St James' Church

St James' Church was built in 1752-1753 and is a fine example of Georgian architecture. Situated on High Street, it has a commanding view of the town centre. St James’ has served the town and cared for all who have lived or worked within the parish since that time. The Parish of Whitehaven is central in its tradition and most services are eucharistic. St. James Church is mentioned in Simon Jenkins’ Book "England’s Best Thousand Churches". St James' is a Grade I listed building.

The church build was at a cost of £3,400 to a plan by Mr Carlisle Spedding- a mining engineer in charge of the Whitehaven Collieries of Sir James Lowther. The building known as St James' Chapel was consecrated on the feast of St. James on Wednesday 25th July 1753. Sir Nikolaus Pevsner described the church as having "the finest Georgian church interior in the county".

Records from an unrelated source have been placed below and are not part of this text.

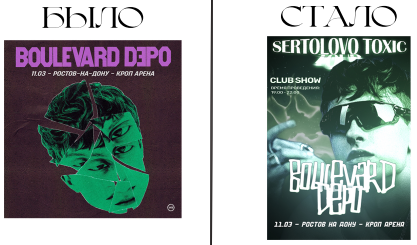 Афиша для концерта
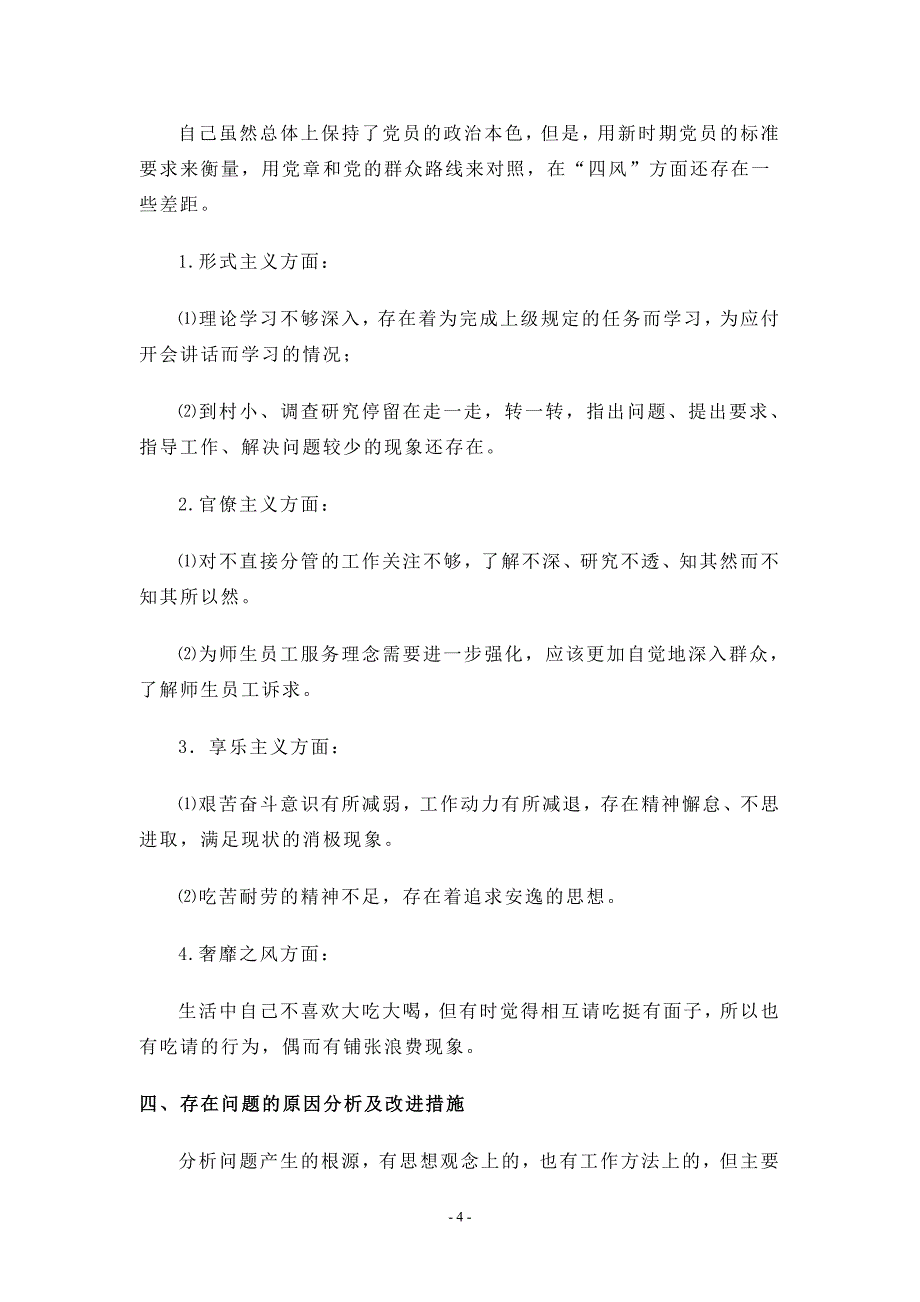 小学副校长对照检查材料_第4页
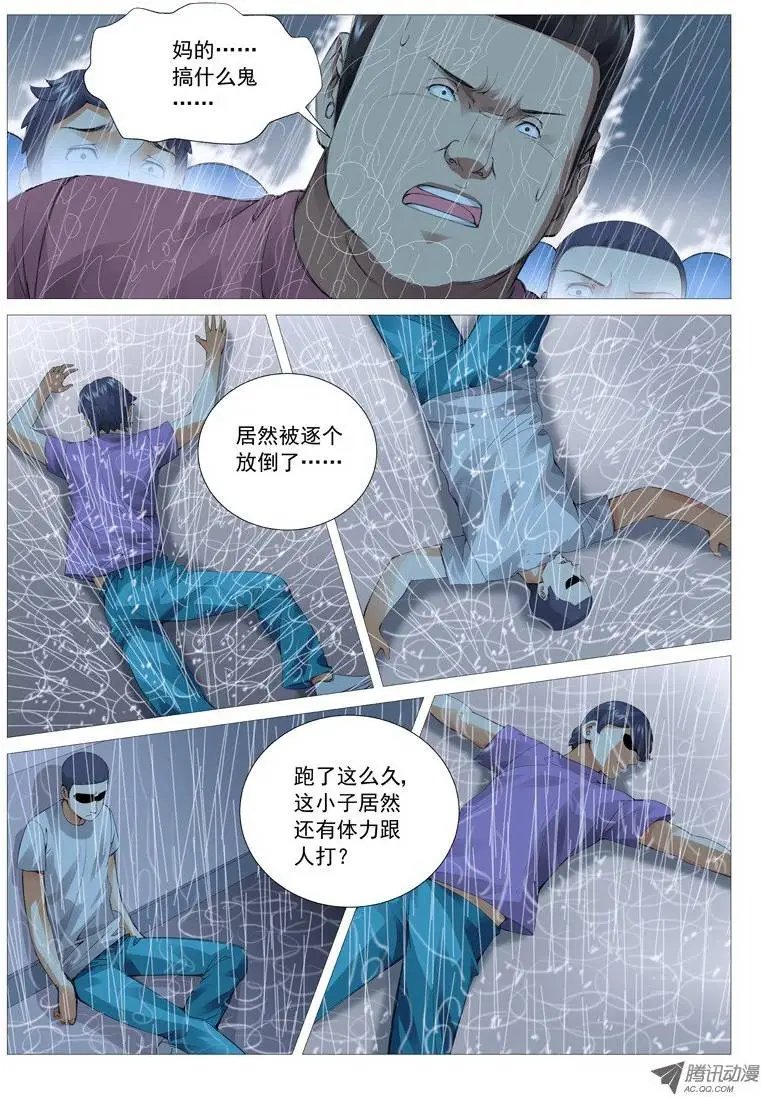 第26回：奔跑吧，废柴！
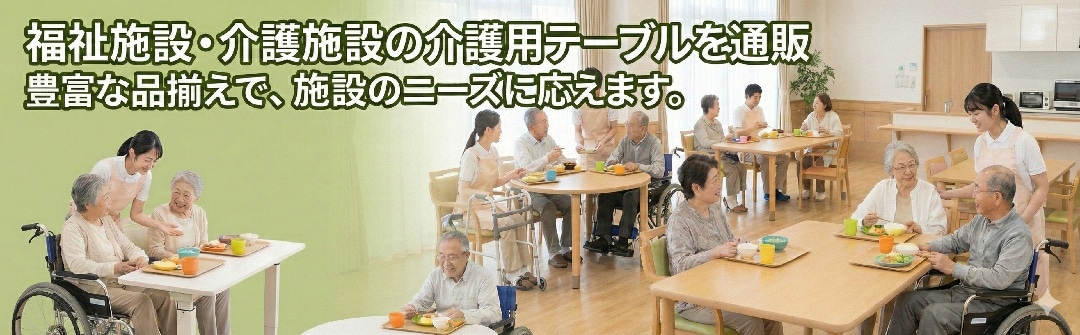 介護用テーブル 介護施設 福祉施設 老人ホーム デイサービスを通販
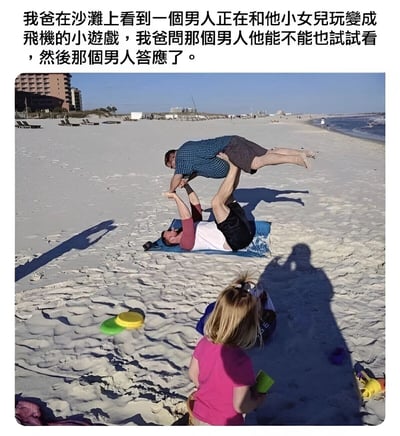 图片上方配有文字描述：爸爸在沙滩看到一个男人和小女儿玩变飞机的游戏，便请求尝试，男人答应了。下方照片中，一名男子躺在沙滩毛巾上，用双脚将另一名男子高高举起，被举的男子身体伸展，模仿飞机飞行姿态。旁边有个穿粉色衣服的小女孩手持物品，好奇地看着这一幕。整个场景发生在阳光明媚的沙滩上，背景有建筑物和海浪，充满了欢乐的误会笑点。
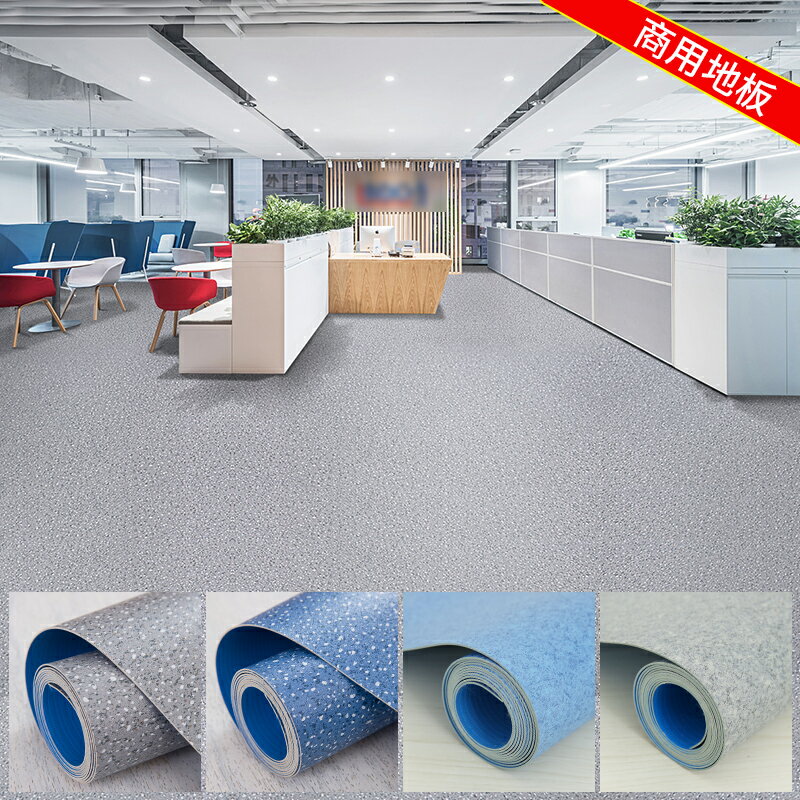 辦公室商用pvc塑膠地板廚房地板革防水地膠耐磨水泥地醫院地板貼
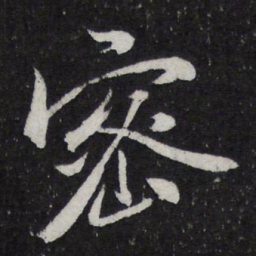米芾密书法图片
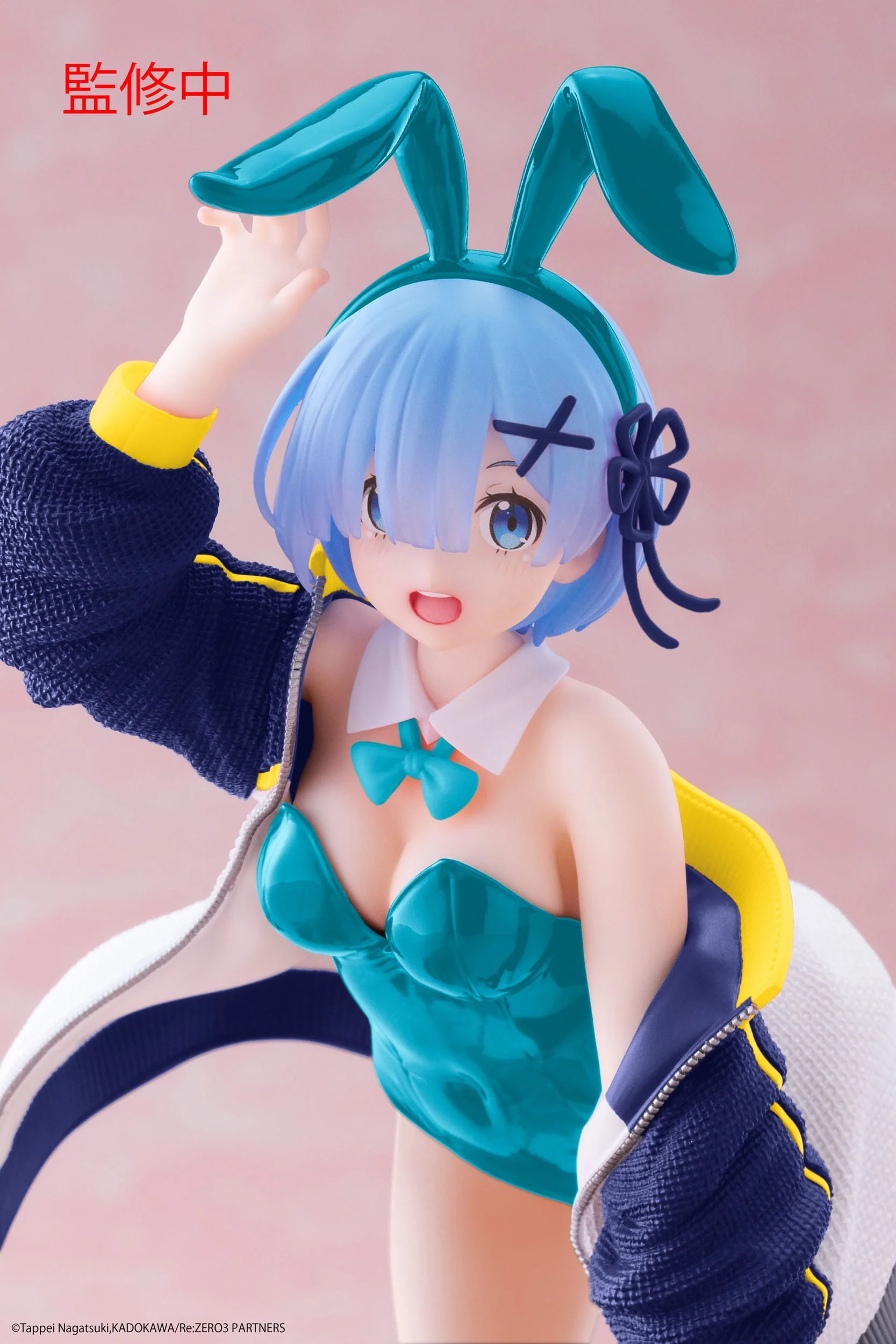 Re:Zero - Rem Jacket Bunny Ver. Coreful Renewal  - Taito Prize - Image 2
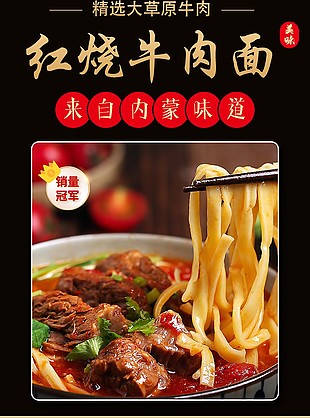 红烧牛肉面淘宝电商详情页素材下载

Situated on High Street it has a commanding view down Queen Street towards the centre of the town. The tower of the Church accommodates a ring of twelve bells, two of which were recently cast. One of them is dedicated to the life and work of the late Rev. Russell  Rebert, who was part of the clergy team at St James, and the other to the Millennium. There is also a beautifully engraved inner door depicting associations with Russell's homeland of Sri Lanka.

It was decided in 1753 to install a clock and a bell in the tower so that they could be seen and heard from the town. As the church stood on high ground this would be the ideal place. The original clock cost 30 guineas and was in place until 1943 but was then replaced by a re-modelled one at a cost of £100.

The East end is an apse with Ionic pilasters. It houses a beautiful painting over the alter "The Transfiguration" by Guilio Proccacini (1548-1626). It was reputed to have been taken from the Escorial Palace, Madrid, by French soldiers during the Napoleonic invasion of Spain. It came to England, to the third Earl of Lonsdale, who presented the painting to the Church in 1869. It is thought to be the only work of this Italian artist in an English church.

Under the tower is a lobby with a staircase leading in two arms to the gallery. This arrangement is the same as St Andrew’s Church in Penrith, and St Mary’s Church at Wigton. The Church has galleries round three sides supported on Tuscan columns , and carrying unfluted ionic ones. The ceilings are flat, with two delightful stucco roundels said to have been designed by the Italian artists Artari and Bugatti. One represents the 'Annunciation', and the other the 'Ascension'.

The present organ, dedicated by the Bishop of Carlisle in 1909, is, for its size, unique and one of the finest organs in the North of England, lending itself to the excellent acoustics of the Church. It is thought to be one of three, the others being the organs of St Bees and St Nicholas (which was destroyed by fire in 1971).

All the ground floor windows are stained glass – the work of various companies – Shrigley and Hunt, Abbot and Co, and William Wailes. There is a modern window by L.C. Evetts, inserted in 1976.

In the Lady Chapel there is a large lump of coal, and hanging in the Chapel is a genuine miner’s lamp. This was presented to the Church as a memorial to the coal miners who lost their lives in the William Pit disaster of 15th August 1947.

St James Church Whitehaven
St James' Church


Whitehaven had been small harbour and fishing village from 13th century or earlier. Expansion began in mid-17th century with building of piers by Lowthers 1632-4 and 1679-81 and granting of market charter 1660. By the 1680s it had grown rapidly, expanding from village of c.30 households in early 17th century to a town of over 1,000 inhabitants by 1685, which more than doubled to 2,281 by 1696. Sir John Lowther had laid out grid of streets by 1680s, making Whitehaven the earliest planned new town in post-medieval Britain.